簡単なあらすじ
1) 冠城亘(反町隆史)と杉下右京(水谷豊)は、それぞれ別の人物から「工藤春馬」という人物を探して欲しいと依頼される。工藤は、自らブレンドした自家製シガーを作っており、その香りに魅了された2人は、またシガーを分けてもらうため、工藤を探していたのだった。
2) 傷害致死事件の被疑者「野中樹生」の遺体が、山梨県の山中で発見される。野中のそばには、工藤が吸っていたのと同じブレンドのリトルシガーが発見される。そのシガーにブレンドされていた紅茶の葉、コーヒー豆の顧客名簿を突き合わせ、工藤の本名は「石田裕太」であると判明する。右京と亘が石田に会いに行くと、石田は自殺する。
3) 野中が死亡した毒物と、石田が自殺するために用いた毒物は同一であると判明する。さらに、桜子の義父・緒方が転落死した事件にも、野中が吸っていたタバコと同じ銘柄の吸い殻があったことが判明する。
4) 右京は、桜子の義父・緒方の吸い殻にも、毒物が染み込ませてあったのではないか、と推理する。桜子は、緒方から激しい暴力を受けていた。桜子は、当時付き合っていた野中に殺害を依頼。野中は、80万円で毒入りタバコを緒方に渡すよう羽賀に依頼したのだった。その後、野中は傷害致死事件を起こし、羽賀・桜子に逃亡資金を用立ててもらうよう依頼した。その様子を見ていた石田は、友人たちである羽賀・桜子を守るため、野中に接触。意気投合した2人は話し合い、野中は石田の見守る中、毒入りタバコで自殺したのだった。
5) 一方、石田も友人である羽賀・桜子を守るため、姿を消した。そして、右京たちがやってきて、自ら口を封じるため、自殺したのだった。羽賀・桜子は緒方殺害について任意同行を求められ、その前に右京が再現した石田の自家製シガーを愉しむのだった。
詳細なあらすじ
冠城亘(反町隆史)は、特命係に異動するも、事件もなくヒマを持て余していた。杉下右京(水谷豊)は、「人に会う約束がありますので」と外出する。一方、伊丹憲一(川原和久)たちは、捜査一課が1年前から追っていた傷害致死事件の被疑者の遺体が山梨県の山中で発見され、確認しに向かうのだという。

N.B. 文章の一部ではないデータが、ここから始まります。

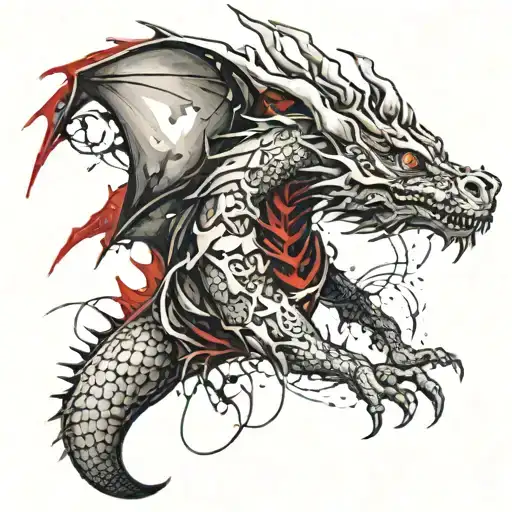 Dragon Wrapped Hand Holding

右京は、小料理屋の女将・月本幸子(鈴木杏樹)の紹介で、羽賀(音尾琢真)という男に会い、「工藤春馬という男を捜してほしい」と言う。一方、冠城亘(反町隆史)も桜子(大谷みつほ)という女性から、「工藤春馬という男を捜してほしい」という依頼を受けていた。
羽賀も桜子も、工藤の自家製シガーの香りに惹かれ、知り合ったのだという。「その香りに、心を奪われた」という2人は、週に1度会って、シガーを分けてもらっていた。それだけの関係であったが、「もう一度、あの香りを味わいたい」と、羽賀と桜子は人探しを依頼したのだった。
捜査一課の刑事が確認した遺体は、「野中樹生」という男のものだった。野中は、桜子が吸っていた珍しい銘柄のタバコを吸っていた。そして、傍らにはリトルシガーの吸い殻が発見された。
右京と亘は、同じ人物を追っているとお互いに気づき、一緒に人探しを始める。青木年男(浅利陽介)は、「捜査一課が発見した遺体のそばに、リトルシガーの吸い殻があった」と明かす。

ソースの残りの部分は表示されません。